2012-06-21 16:06:16

by Jan Beulich

[permalink] [raw]
Subject: Re: [vMCE design RFC] Xen vMCE design

>>> On 20.06.12 at 18:13, "Liu, Jinsong" <[email protected]> wrote:
> Recently we design xen vMCE as attached.
> Please kindly help me to review it, any comments/suggestions are
> appreciated.

The concept looks quite okay, provided no OS has a problem with
the limitations imposed (most notably the restriction to a single
reporting bank, particularly in the context of e.g. Linux partly
ignoring the first bank under some conditions iirc).

As to not needing any migration specific adjustments - what if
a migration is in progress when an event needs to be delivered?

Jan


2012-06-22 10:40:10

by Liu, Jinsong

[permalink] [raw]
Subject: RE: [vMCE design RFC] Xen vMCE design

Jan Beulich wrote:
>>>> On 20.06.12 at 18:13, "Liu, Jinsong" <[email protected]> wrote:
>> Recently we design xen vMCE as attached.
>> Please kindly help me to review it, any comments/suggestions are
>> appreciated.
>
> The concept looks quite okay, provided no OS has a problem with
> the limitations imposed (most notably the restriction to a single
> reporting bank, particularly in the context of e.g. Linux partly
> ignoring the first bank under some conditions iirc).

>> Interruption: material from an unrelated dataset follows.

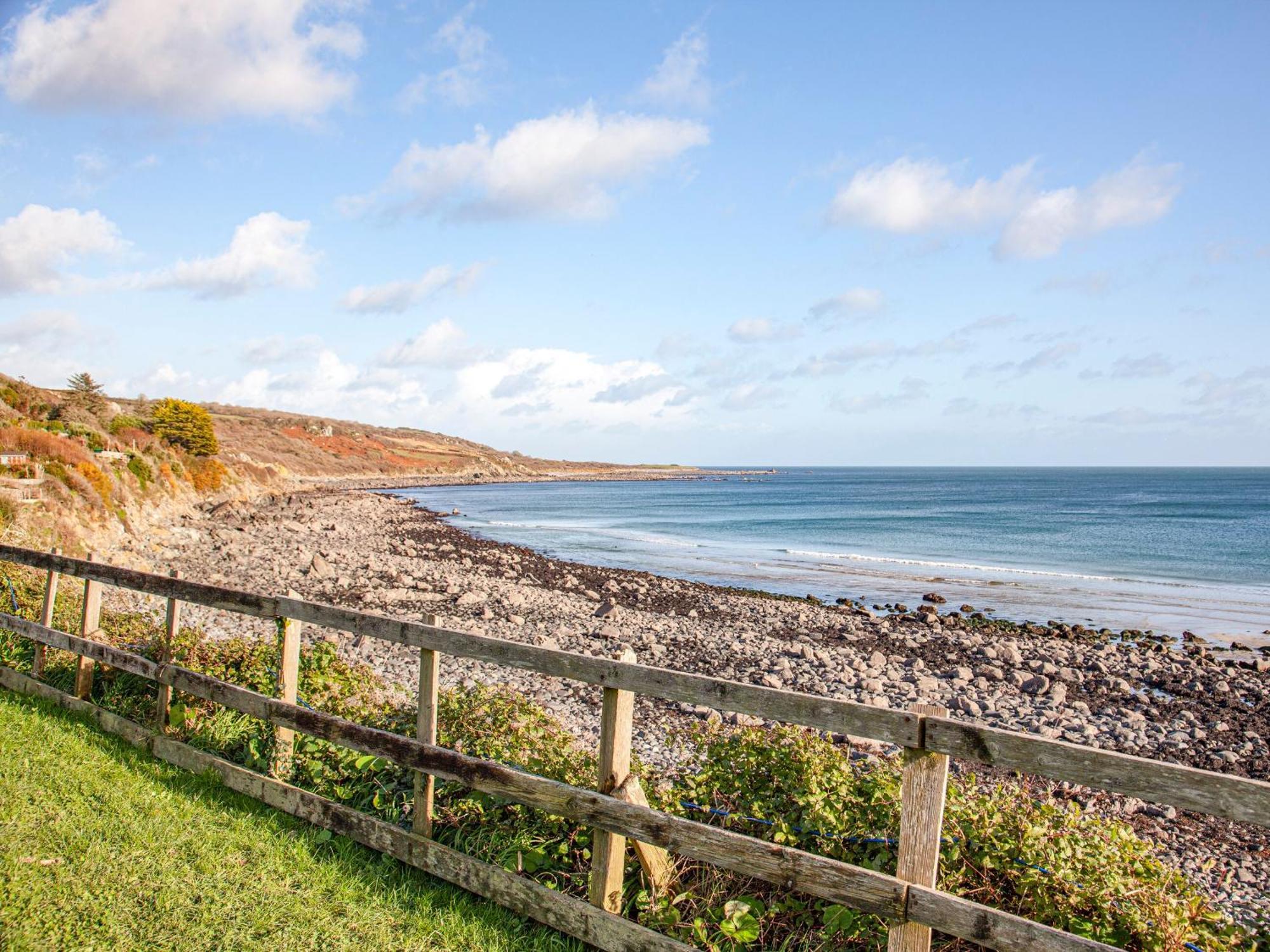 Headland Cottages Коуврак Екстериор снимка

'bank0 skipping' quirks is only for older model cpus, I think we have 2 options:
1). still use 1 bank and simply ignore this issue. I mean, even if guest runs at bank0 quirks platform, when hypervisor inject vMCE# to guest, guest skip bank0, then guest MCE logic would think it detect a spurious mce, then kill itself. Considering bank0 quirks is only for old cpus, this is acceptable;
2). use 32 banks

In fact, a third option is, use 1 bank, but hypervisor kill guest when it detect bank0 quirks. This would be same effect as option 1, so I prefer let guest kill itself.

>
> As to not needing any migration specific adjustments - what if
> a migration is in progress when an event needs to be delivered?
>
> Jan

If a migration is in progress while an event delivered, we abort the migration.

Thanks,
Jinsong-

2012-06-22 11:39:33

by Jan Beulich

[permalink] [raw]
Subject: RE: [vMCE design RFC] Xen vMCE design

>>> On 22.06.12 at 12:40, "Liu, Jinsong" <[email protected]> wrote:
> Jan Beulich wrote:
>>>>> On 20.06.12 at 18:13, "Liu, Jinsong" <[email protected]> wrote:
>>> Recently we design xen vMCE as attached.
>>> Please kindly help me to review it, any comments/suggestions are
>>> appreciated.
>>
>> The concept looks quite okay, provided no OS has a problem with
>> the limitations imposed (most notably the restriction to a single
>> reporting bank, particularly in the context of e.g. Linux partly
>> ignoring the first bank under some conditions iirc).
>
> 'bank0 skipping' quirks is only for older model cpus, I think we have 2
> options:
> 1). still use 1 bank and simply ignore this issue. I mean, even if guest
> runs at bank0 quirks platform, when hypervisor inject vMCE# to guest, guest
> skip bank0, then guest MCE logic would think it detect a spurious mce, then
> kill itself. Considering bank0 quirks is only for old cpus, this is
> acceptable;
> 2). use 32 banks
>
> In fact, a third option is, use 1 bank, but hypervisor kill guest when it
> detect bank0 quirks. This would be same effect as option 1, so I prefer let
> guest kill itself.

Out of these, I'd actually favor using 32 banks. Using 2 banks
instead of 1 might be another option.

>> As to not needing any migration specific adjustments - what if
>> a migration is in progress when an event needs to be delivered?
>
> If a migration is in progress while an event delivered, we abort the
> migration.

Is there a way the hypervisor can tell the tools to abort a
migration? Or are you meaning to say such functionality would
need to be added?

One other concern that occurred to me after long having sent
the original response: Your proposal aims at a fixed,
unmodifiable vMCE interface. How is that going to be forward
compatible? I.e. consider you had made that proposal before
the SRAO/SRAR changes went in - would the same interface (with
the same set of capability bits set/clear) still be suitable?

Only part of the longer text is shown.